Матрена Васильевна усмехнулась. Глаза ее были сухи и светлы. Мотря поняла, что простила она уже давно и мать свою, и всех прочих родственников. Что теперь они для нее суть пустые имена, а душа-то по сю пору отдана другим… Или другому.

Меж тем на свет Божий появились те листки, которые видала уже Мотря утречком в келье у Матрены Васильны. Та, видать, намеренно взяла сегодня их с собой.

«И то — ежели там от любимого ее Ивана слова-то записаны, как их нынче-то не вспомнить?»

Не зря так любила матушка игуменья маленькую Мотрю — та как в воду глядела.

— Нынче, девочки, десять лет исполнилось, как умер мой любимый. Захотелось мне рассказать вам о нем, о нашем чувстве запретном. Да велеть вам, чтобы никогда не любили вы вполсилы, никогда не искали того, кто сделает хорошовам… Чтобы самой большой радостью для вас, детки мои, было то, каквыможете свою любовь-то показать…

— А мне сестра всегда говорила, что надо того искать, ктотебебольше даст…

— Сестра, Марусенька? Уж не та ли, что стала сестрой Глафирой?

— Она. — Маруся кивнула.

— Так ты словам-то ее не верь, деточка. Не зря она, поди, чернавкой-то стала, постриг приняла.

Девушка кивнула.
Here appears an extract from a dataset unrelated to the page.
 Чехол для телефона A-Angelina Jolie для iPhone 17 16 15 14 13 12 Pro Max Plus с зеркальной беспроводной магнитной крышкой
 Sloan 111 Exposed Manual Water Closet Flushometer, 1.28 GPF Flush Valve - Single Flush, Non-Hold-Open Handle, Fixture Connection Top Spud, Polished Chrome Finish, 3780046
Матрена Васильевна была права — Глафира, тогда Верой ее звали, согласилась пойти замуж за бунчукового атамана, все для себя доходов да выгод больших искала. За что и поплатилась — атаман-то оказался зверь лютый, любил, сказывали, но только ревновал бешено, по любому подозрению бил жену, да так, что шрамы до сих пор Глафирину спину покрывают. Не выдержала Марусина сестра, попыталась утопиться. Атаман ее нашел, из воды вытащил. Но сердце у него больное оказалось, вот и помер он через два дня после спасения жены… Наследство богатое Вера раздала, а сама в монастырь подалась — грех стяжательства замаливать.
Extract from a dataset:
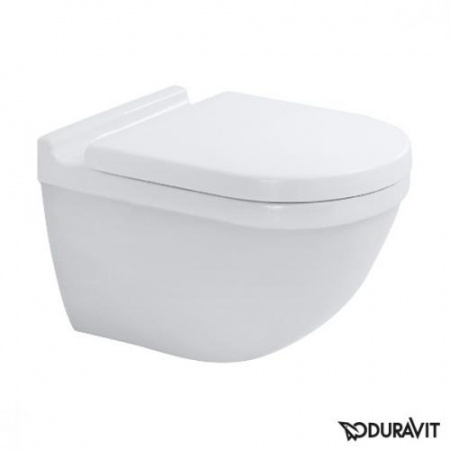 Duravit Starck 3 Toaleta WC podwieszana 54x36 cm Rimless bez kołnierza z powłoką Wondergliss, biała 25270900001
— А что же за любовь-то ваша запретная? Кто и отчего вам ее запретил? — Мотре было все интереснее и интереснее.

— Любовь запретная, детка, оттого, что Ивану моему в ту пору уж за шестьдесят было. Гетман Иван Мазепа силищу-то имел, отца моего уважал, с царями знался. Пятьдесят лет разницы — вот что пугало моих родителей, вот почему меня они бесстыдницей назвали за одно лишь то, что в крестном своем батюшке мужчину настоящего увидала, единственную свою опору в грядущей жизни да счастье великое…

— А он, Иван? Любил столь же сильно?

— Ох, детка, любил… Вдовым был Иван, сердце свободное. А уж красивый какой… Высокий, широкоплечий, сильный… Глаза что два осколка неба, чуб черный, ни седого волоска. Он, как и папенька мой, силачом был… Всё они друг перед дружкой силушкой похвалялись. Матушка смеялась, а я всё за Ивана боялась, как бы не стало дурно ему… Всё ж не мальчик.
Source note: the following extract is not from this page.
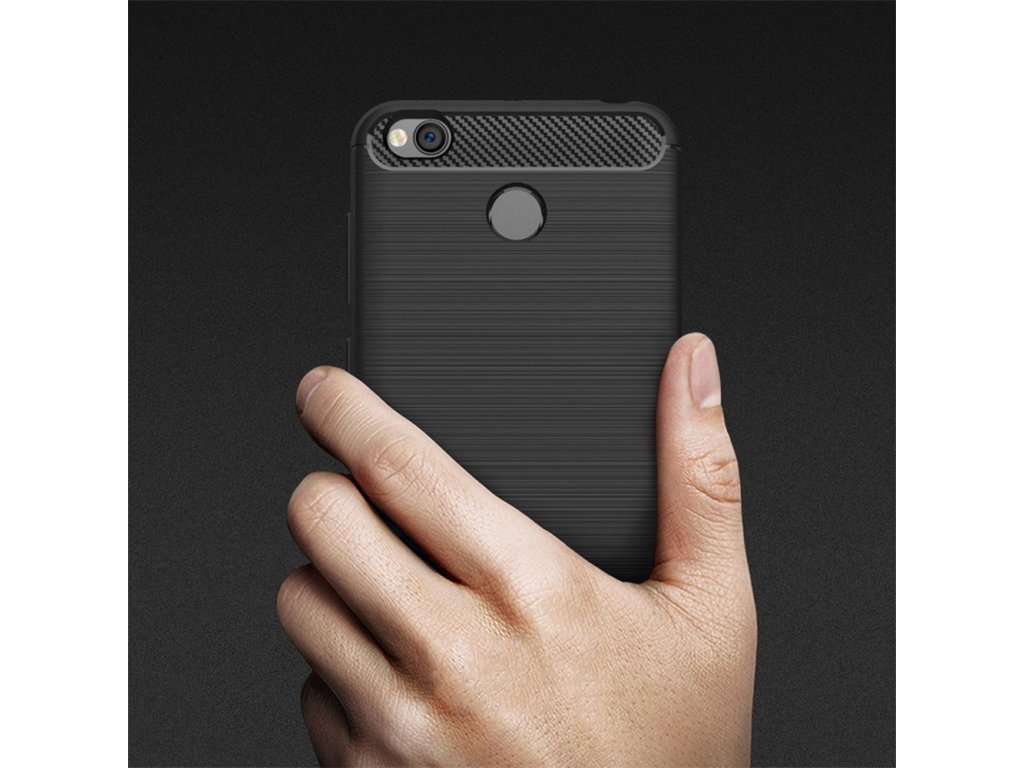 Carbon Case elastické pouzdro iPhone 6S Plus / 6 Plus černé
Воспоминания согрели душу Матрены Васильевны, наполнили теплым светом глаза. И показалось Мотре, что сидит перед ней не взрослая женщина, печальная и одинокая, а старшая сестра. И рассказывает о своем большом чувстве так, будто было все это вчера, а не десяток лет назад.

— Как только я поняла, что мила Ивану, так и решила сбежать к нему. Письмо написала, дескать, жди меня в дубовой аллее, что к Диканьке ведет… Но даже отправить не успела — в тот же день приехал мой Иван с отцу и маме, приехал вместе со сватами. Как же я счастлива была! И как злилась мама!..

Матрена Васильевна усмехнулась. Девушки, конечно, рукоделие давным-давно отложили. Картины далекого прошлого оживали сейчас перед их глазами, история огромной любви ворвалась в их души.

«Ох, детушки мои… Знали бы вы, какая это радость, когда приходит такое чувство! И какая боль, когда умирает твой единственный!.. О себе уж и забываешь, лишь памятью о нем живешь, встречи с ним в лучшем из миров ждешь, как не ждала встреч здесь, на грешной земле!»

— А дальше? Что дальше-то было?

— А было вот что. Отец аж позеленел: ну где это видано, чтобы женихаться стал шестидесятилетний старик. Подумал папенька да и нашел причину для отказа. Дескать, не принято у православных, чтобы крестный отец на крестнице женился. Аль чтобы крестная сестра и брат в брак вступали. «Противу Божьей воли, Иван, Степанов сын, идти хочешь… Не могу позволить сего, уж не взыщи…»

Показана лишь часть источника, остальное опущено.